Actually, 14 did mention it.


----------



## Guest (Jun 13, 2007)

Kung said:


> Actually, 14 did mention it.


 Guess I should read more carefully! :viking:


----------



## Guest (Jun 13, 2007)

I've got it installed, and if I can figure out how to make it work with my accelerator, I'll try it out.

Without the accelerator, it's as slow as molasses in winter.


----------



## backwoodsman7 (Mar 22, 2007)

arabian knight said:


> Well they DO that because IE is used in Over 90% of the PCs


Actually around 75% at present, according to my website's stats. It's been slowly but steadily losing market share for years, mostly to Firefox. As I type this, Safari is at 3.8%, somewhat higher than Mac users are showing up (2.6%), so I guess some are using Safari on Windows.



> SO YOU cater to the majority, not the minority~!


That's OK if your website is a hobby, but a poor choice for a commercial site. Why would you want to limit potential customers' access to your website, even if it's only a few percent of them, when it translates directly to a few percent decrease in your income? Unfortunately, most web designers get paid the same even if they overlook something like that, so we'll always have the occasional poorly designed site that misbehaves with some browsers.

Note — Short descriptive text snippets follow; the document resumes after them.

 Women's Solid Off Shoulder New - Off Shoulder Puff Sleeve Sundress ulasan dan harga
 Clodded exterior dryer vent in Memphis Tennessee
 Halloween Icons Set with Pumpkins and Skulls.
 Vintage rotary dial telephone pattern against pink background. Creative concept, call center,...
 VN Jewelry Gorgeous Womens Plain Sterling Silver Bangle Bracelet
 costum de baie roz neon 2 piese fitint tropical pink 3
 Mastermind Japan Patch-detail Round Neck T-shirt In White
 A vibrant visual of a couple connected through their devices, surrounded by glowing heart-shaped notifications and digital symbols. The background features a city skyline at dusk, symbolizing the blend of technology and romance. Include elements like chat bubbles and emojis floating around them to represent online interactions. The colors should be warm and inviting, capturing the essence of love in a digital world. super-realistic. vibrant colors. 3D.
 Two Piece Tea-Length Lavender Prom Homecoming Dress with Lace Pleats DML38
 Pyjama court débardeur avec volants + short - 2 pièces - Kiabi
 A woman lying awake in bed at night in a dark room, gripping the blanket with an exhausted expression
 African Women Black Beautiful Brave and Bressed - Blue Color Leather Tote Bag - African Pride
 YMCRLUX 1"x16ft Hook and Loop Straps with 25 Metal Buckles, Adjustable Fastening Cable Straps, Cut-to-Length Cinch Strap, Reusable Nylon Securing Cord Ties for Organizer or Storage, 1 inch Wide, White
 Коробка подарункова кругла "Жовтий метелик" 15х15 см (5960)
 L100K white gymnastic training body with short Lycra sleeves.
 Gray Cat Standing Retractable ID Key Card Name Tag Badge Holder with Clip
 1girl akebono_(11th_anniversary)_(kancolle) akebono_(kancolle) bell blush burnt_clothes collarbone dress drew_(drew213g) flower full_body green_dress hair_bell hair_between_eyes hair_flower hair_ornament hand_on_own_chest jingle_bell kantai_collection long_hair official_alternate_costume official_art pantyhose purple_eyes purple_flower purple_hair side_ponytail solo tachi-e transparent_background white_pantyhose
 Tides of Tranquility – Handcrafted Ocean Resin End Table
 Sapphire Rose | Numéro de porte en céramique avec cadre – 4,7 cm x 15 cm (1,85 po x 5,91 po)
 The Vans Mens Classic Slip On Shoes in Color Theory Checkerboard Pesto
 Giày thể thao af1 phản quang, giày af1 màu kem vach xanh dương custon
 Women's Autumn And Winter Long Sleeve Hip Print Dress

That said, it's been a long time since I've run into a site that doesn't work right with Firefox. When it happens, it's a good idea to use "Report Broken Website" on the Help menu.

-Dan


----------



## Kung (Jan 19, 2004)

What he said. It's undeniable that Firefox is gaining; and what BWM7 says is absolutely right. If it gets more revenue for someone, it's worth looking into.


----------